Available records ▸
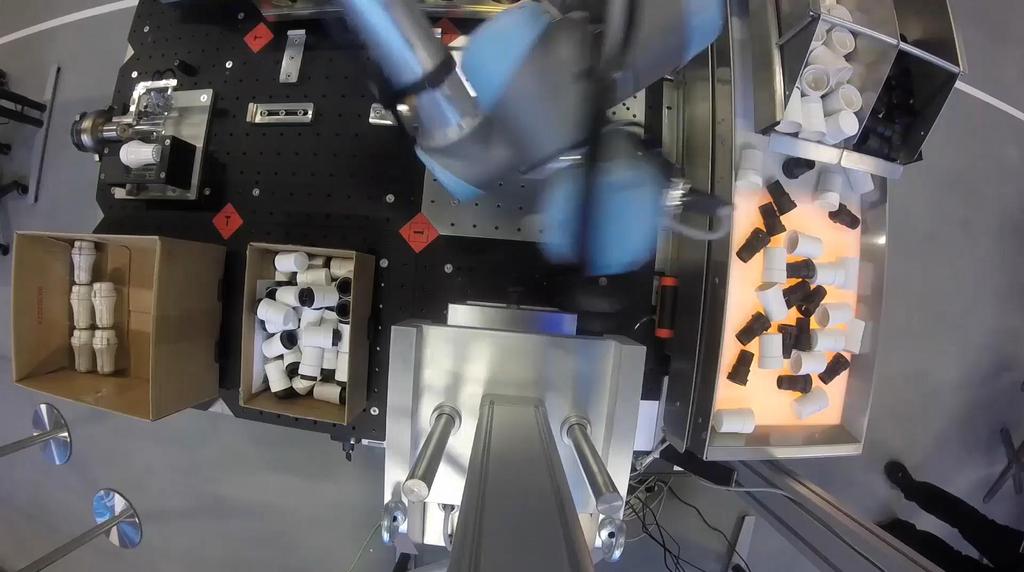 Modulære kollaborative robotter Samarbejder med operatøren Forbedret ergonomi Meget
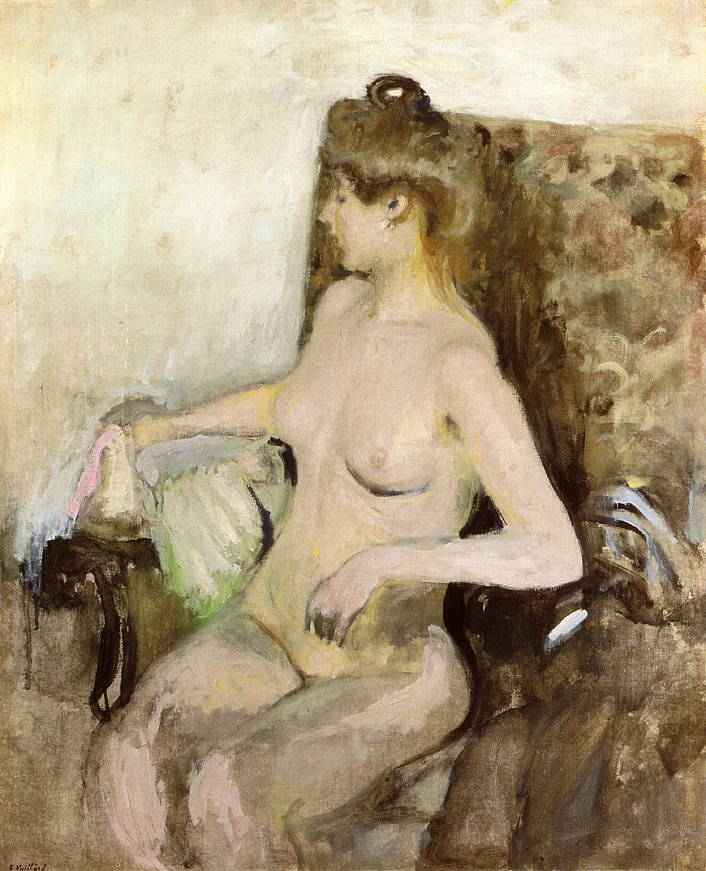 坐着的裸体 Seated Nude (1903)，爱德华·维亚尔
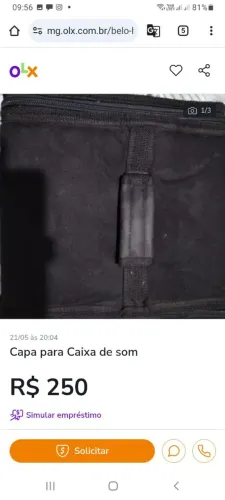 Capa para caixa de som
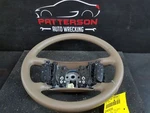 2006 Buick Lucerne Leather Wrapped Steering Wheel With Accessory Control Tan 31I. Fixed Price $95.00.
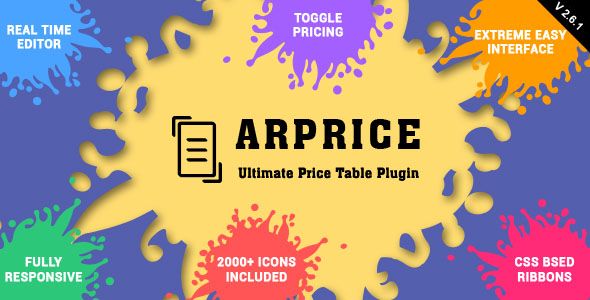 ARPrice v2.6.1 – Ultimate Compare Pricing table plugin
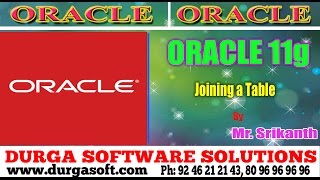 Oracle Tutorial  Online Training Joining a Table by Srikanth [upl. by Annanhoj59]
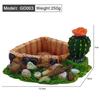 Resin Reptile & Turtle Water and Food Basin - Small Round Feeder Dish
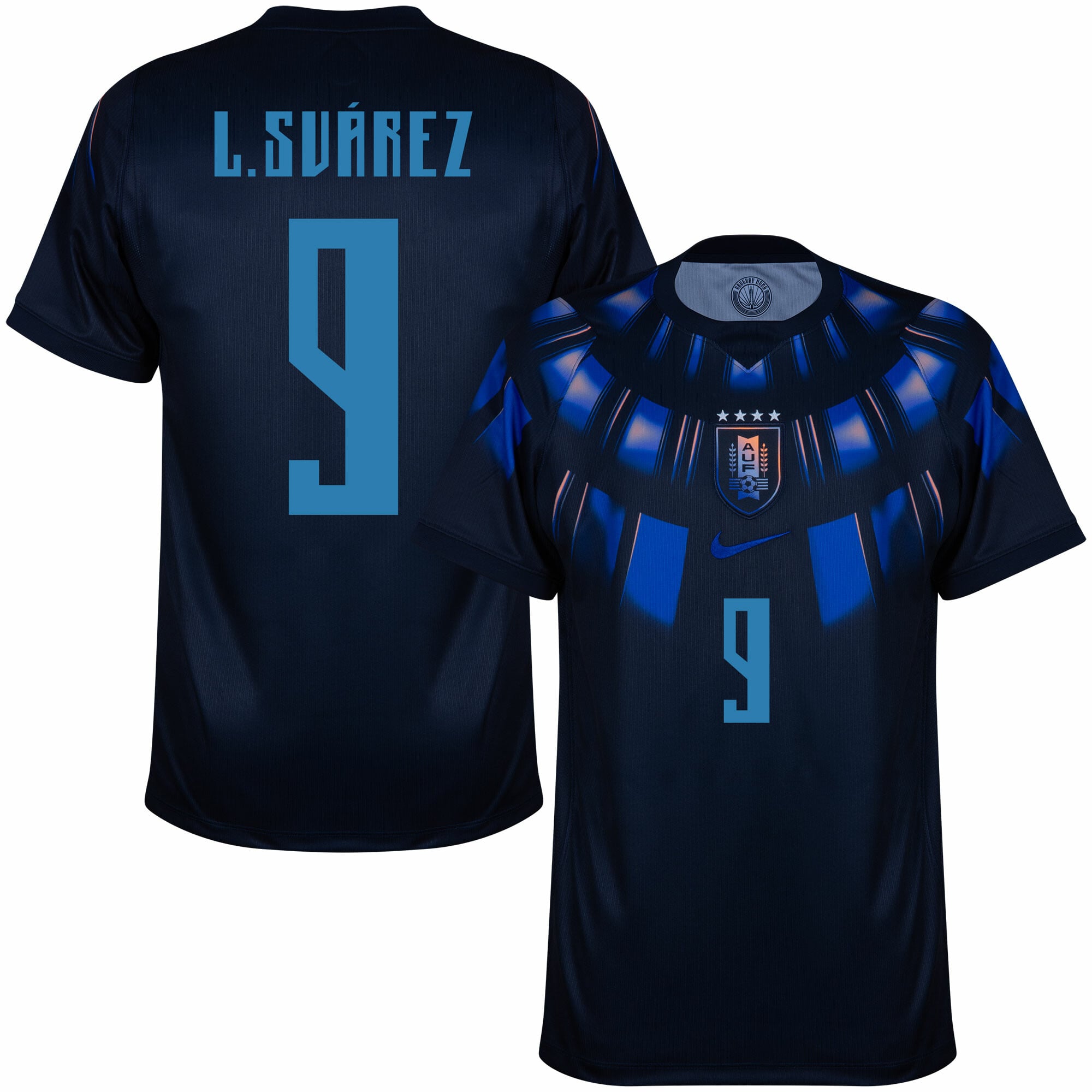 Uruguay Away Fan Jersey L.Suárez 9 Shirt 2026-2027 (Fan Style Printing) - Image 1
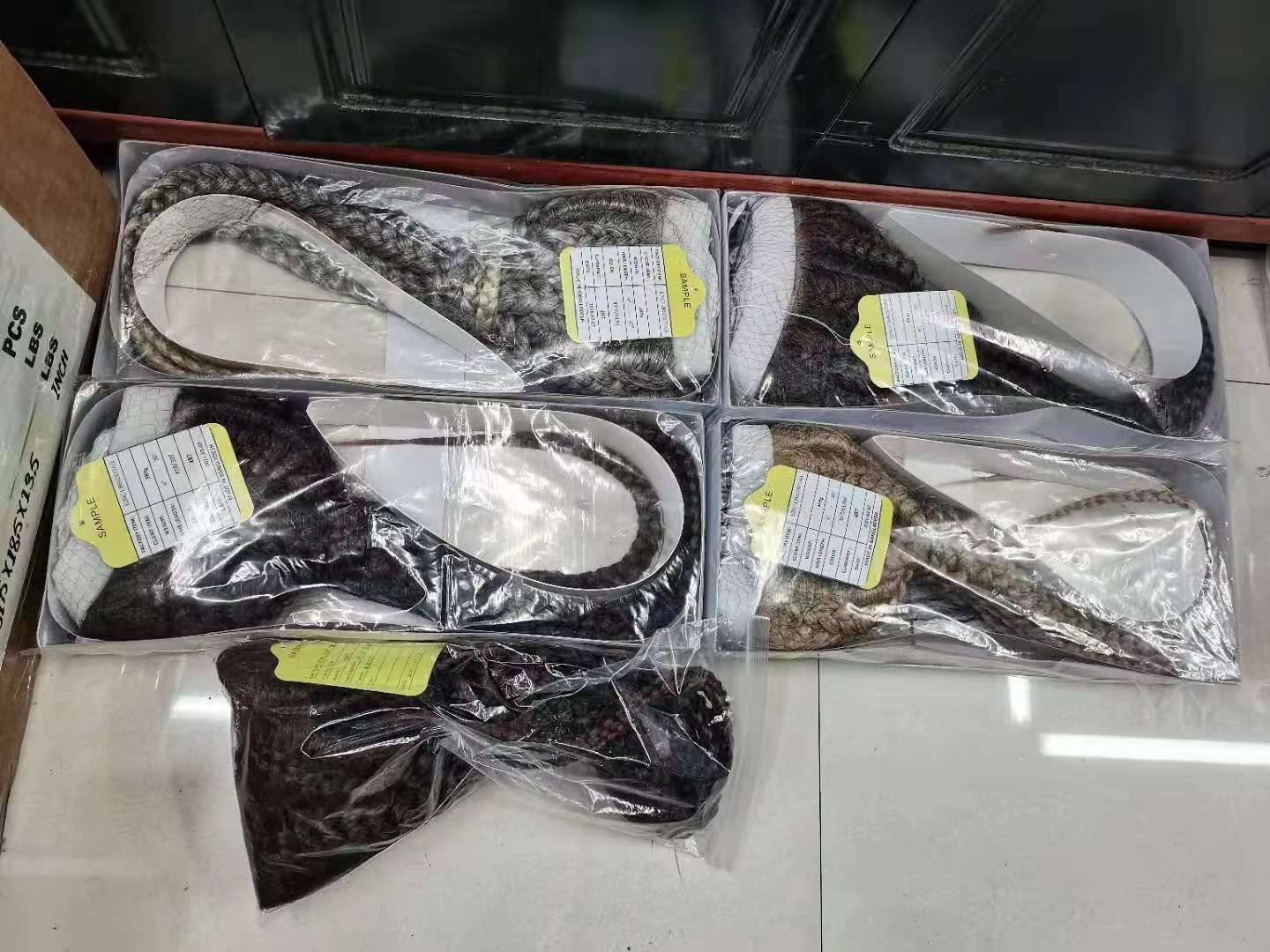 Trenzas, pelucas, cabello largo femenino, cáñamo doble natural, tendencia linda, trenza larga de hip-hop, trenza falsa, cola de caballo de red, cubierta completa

Action item ▸ No pictures should appear; only the lines from the first line of the records through the line with "2006 Buick Lucerne", both included, are to be restated word for word.

Result of this exercise ▸
 Modulære kollaborative robotter Samarbejder med operatøren Forbedret ergonomi Meget
 坐着的裸体 Seated Nude (1903)，爱德华·维亚尔
 Capa para caixa de som
 2006 Buick Lucerne Leather Wrapped Steering Wheel With Accessory Control Tan 31I. Fixed Price $95.00.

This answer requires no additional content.